I’ve got to say, however, that Azaad’s Machine of Hell makes the Main Balwaan death trap look conservative and highly practical by comparison. In fact, it’s difficult for me to even describe what the Machine of Hell, in all of its complexity, actually entails, or even what exactly the intended effect of many of its mechanized depredations are. I do know that there was one psychedelically lit chamber that looked like something out of a late Avengers episode, and that its perils seemed to derive from the fact that it rocked back and forth, dislodging millions of empty bottles from the ceiling that then crashed down both onto the floor and whatever people were unfortunate enough to be occupying the room at the time. It all looked like it would be extremely troublesome to set up again once it had done its thing, but perhaps there was some kind of automated system suited to that task, like a pin re-setter in a bowling alley, only much, much more complicated and really expensive. There was also a room that combined those two death trap staples, spiked balls on chains and an acid pit, to nice effect, and a tunnel kitted out with spinning saw blades on sticks just like in Jugnu that lead to a giant spinning rotary blade at the end. And then Dharmendra wrestled a stuffed dog and somebody said something about Dharmendra being a dog’s body deep inside.
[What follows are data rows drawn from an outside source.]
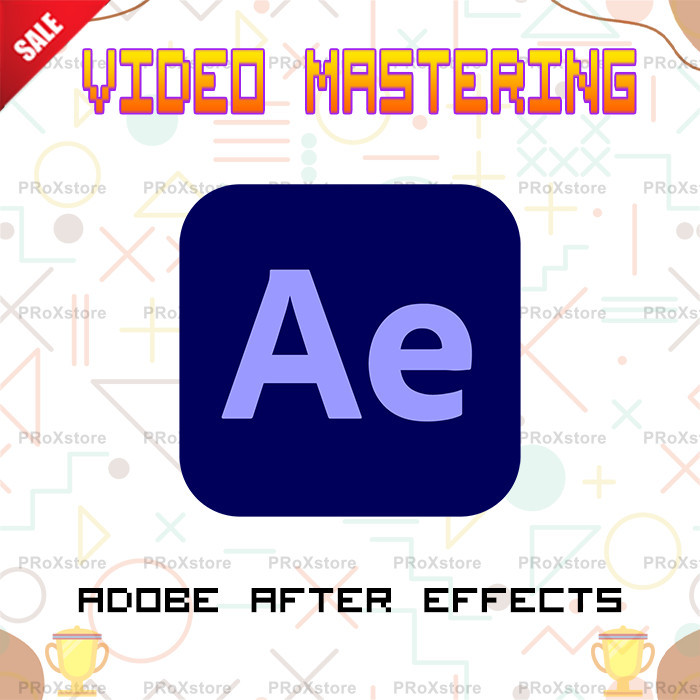 Video Tutorial Mastering Adobe After Effects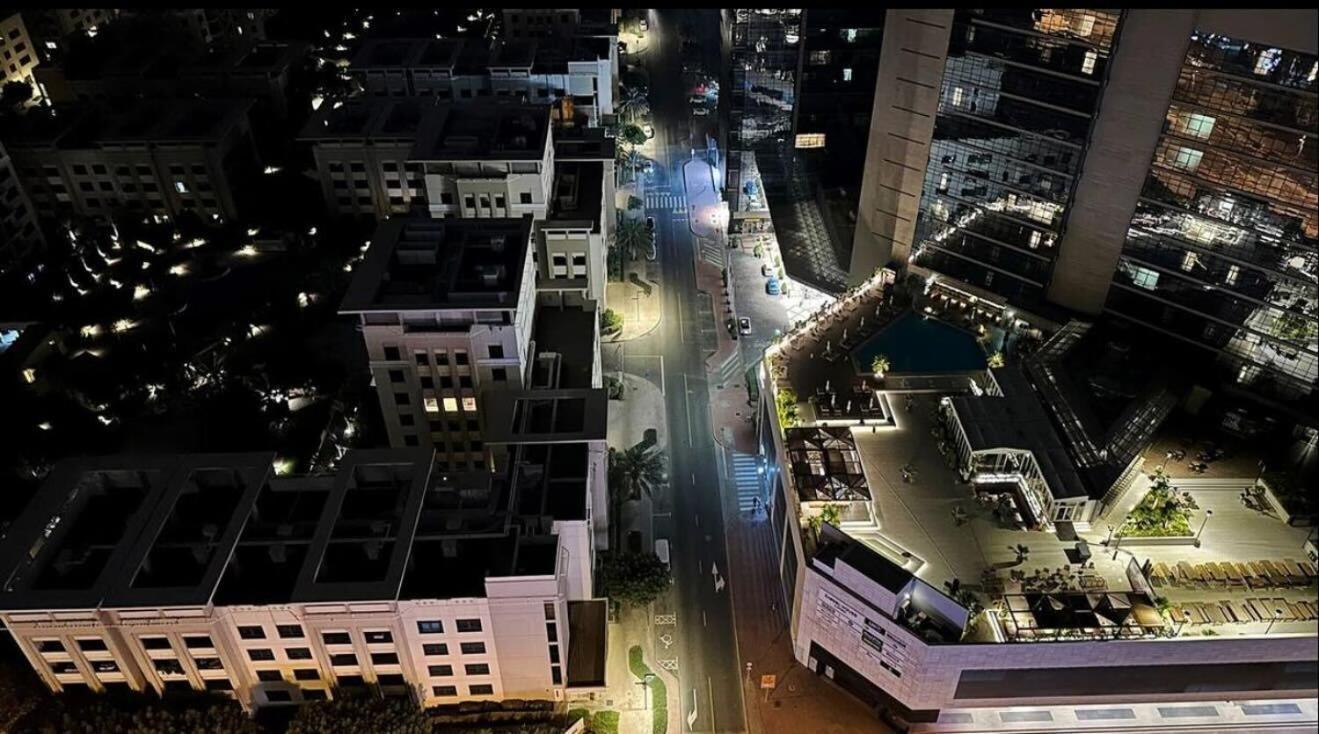 Privat bolig Destination Partition In Tecom Near Metro Dubai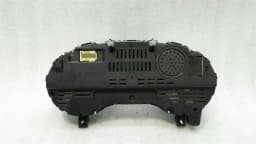 MERCEDES-BENZ MERCEDES SLK R172 INSTRUMENT CLUSTER A1729004806 SPEEDOMETER MPG SLK200 CGI — thumbnail 5
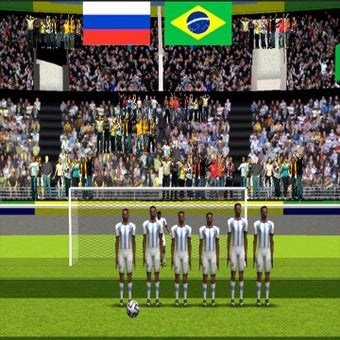 Imagen 3 para Football world cup 2018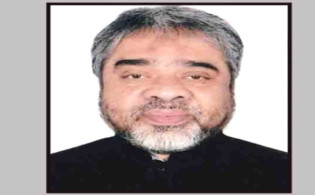 সিডিবিএলের ভাইস চেয়ারম্যান নুরুল ফজল বুলবুলের পদত্যাগ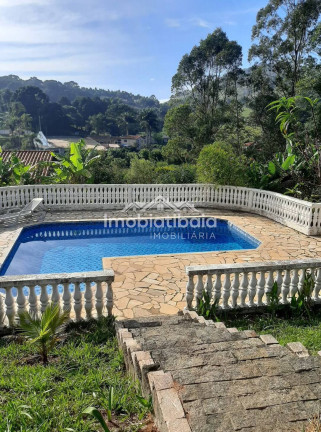 Chácara com 4 Quartos à Venda, 2.100 m² em Morro Grande Da Boa Vista - Bragança Paulista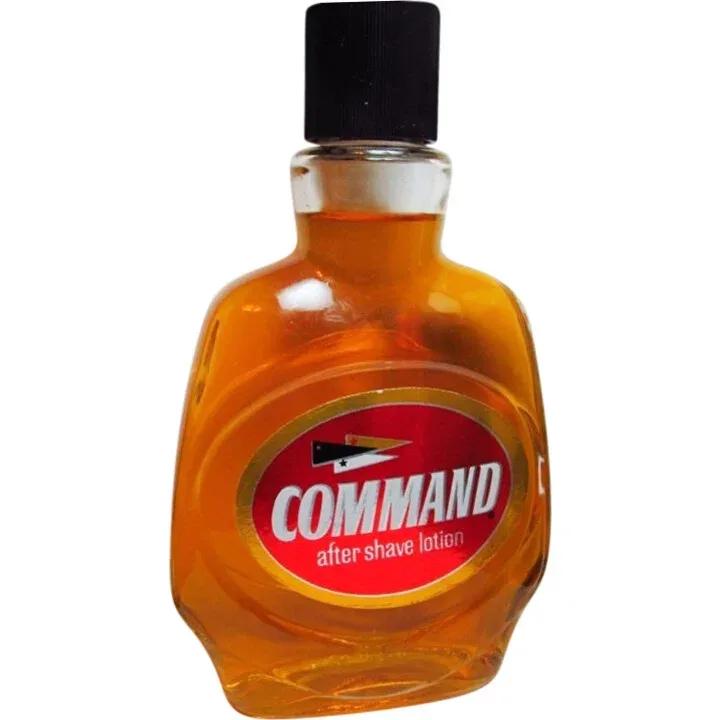 Command — Alberto Culver Company
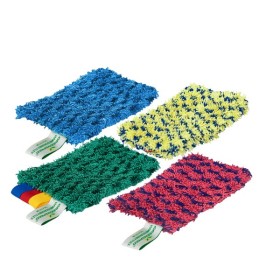 HANDSCRUBBY FLEX Schwamm zum Entfernen von hartnäckigem Schmutz 1 Stück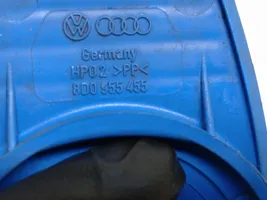 Audi A6 Allroad C6 Rurka wlewu płynu do spryskiwaczy szyb 4F0955452B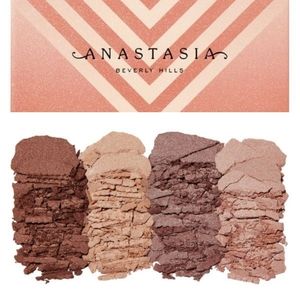 🆕️ Anastasia Beverly Hills Sun Dipped Glow Kit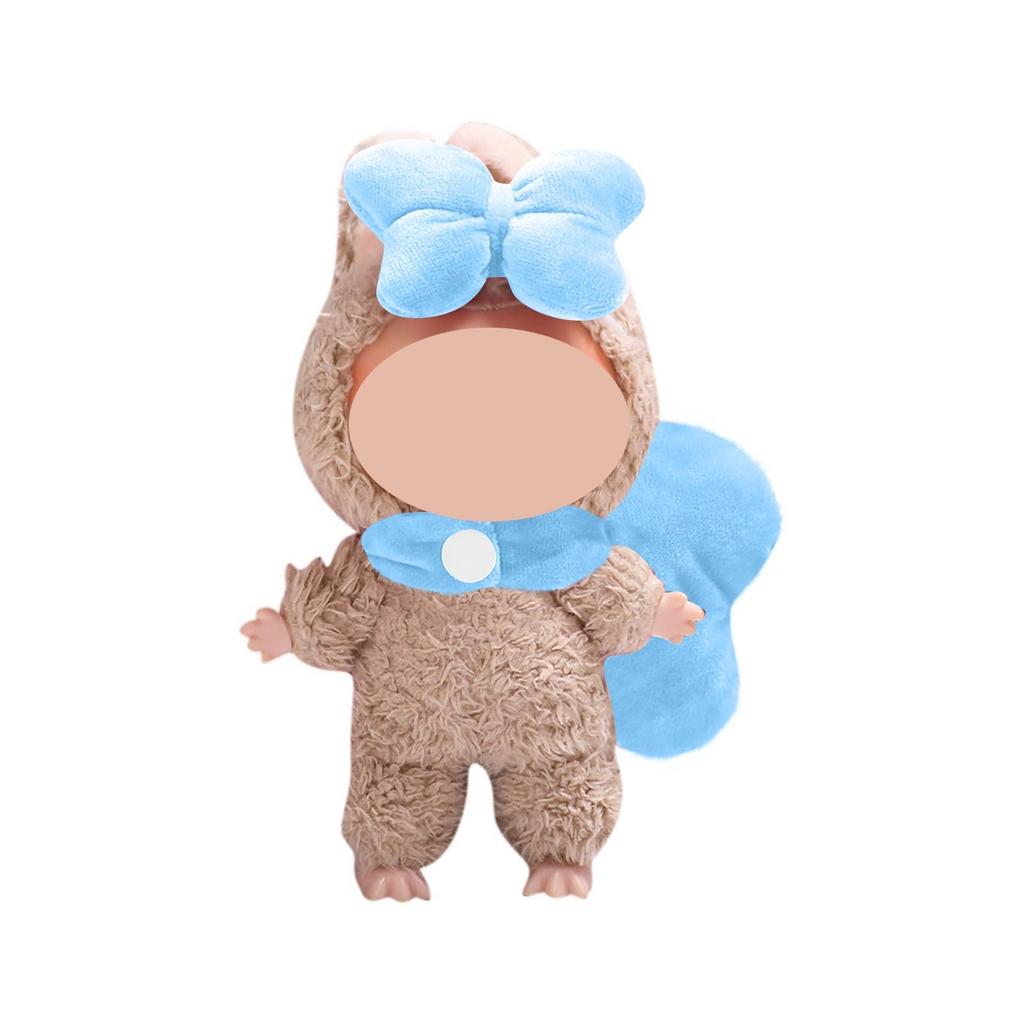 Fun Dolls Clothing, Anime Plush Toys And CuteAccessories,cuteDolls Clothings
And… what? Where was I going with all this again? Oh... okay. To tell the truth, I really don’t know what, in the end, Azaad tells us about what it means to become a man. The movie may, in fact, just be a case of someone setting out to make a movie about a man in a flouncy hat and mask and then (a) hitting their head on a rock and getting amnesia, while at the same time losing every existing copy of whatever script had been written, and hence forgetting both what kind of movie they had set out to make and how to operate a projector so that they could go back and watch the footage they had already shot, (b) losing the flouncy hat and mask or having the dog pee on them or something and not wanting to pay for new ones, or (c) getting distracted by a shiny object. You pick.
Postscript: I fell asleep halfway through Jaani Dost….
…and when I woke up, Dharmendra and Jeetendra were running around in these sort of Japanese superhero costumes and each referring to themselves as “The Lion King” while the action had shifted to a tribal area where the bad guy was using giant fishing nets to kidnap truckloads of minstrel-show natives to use as slave labor. None of these developments were foreshadowed in the ninety minutes of the film that I saw before nodding off. There was also all of a sudden a chimpanzee playing a dual role as both male and female chimpanzees who were in love. Having recently overdosed on TV news, I now, whenever I see a chimpanzee – be he in a fez and blazer or a sari – can only imagine it trying to rip my face off. (Pedro would at least shoot you first.) So, yes: Dharmendra is definitely – de-fi-nite-ly – trying to fuck with me. Personally.
Dharmendra, dude, I still love you, but it’s time for us to take a little break.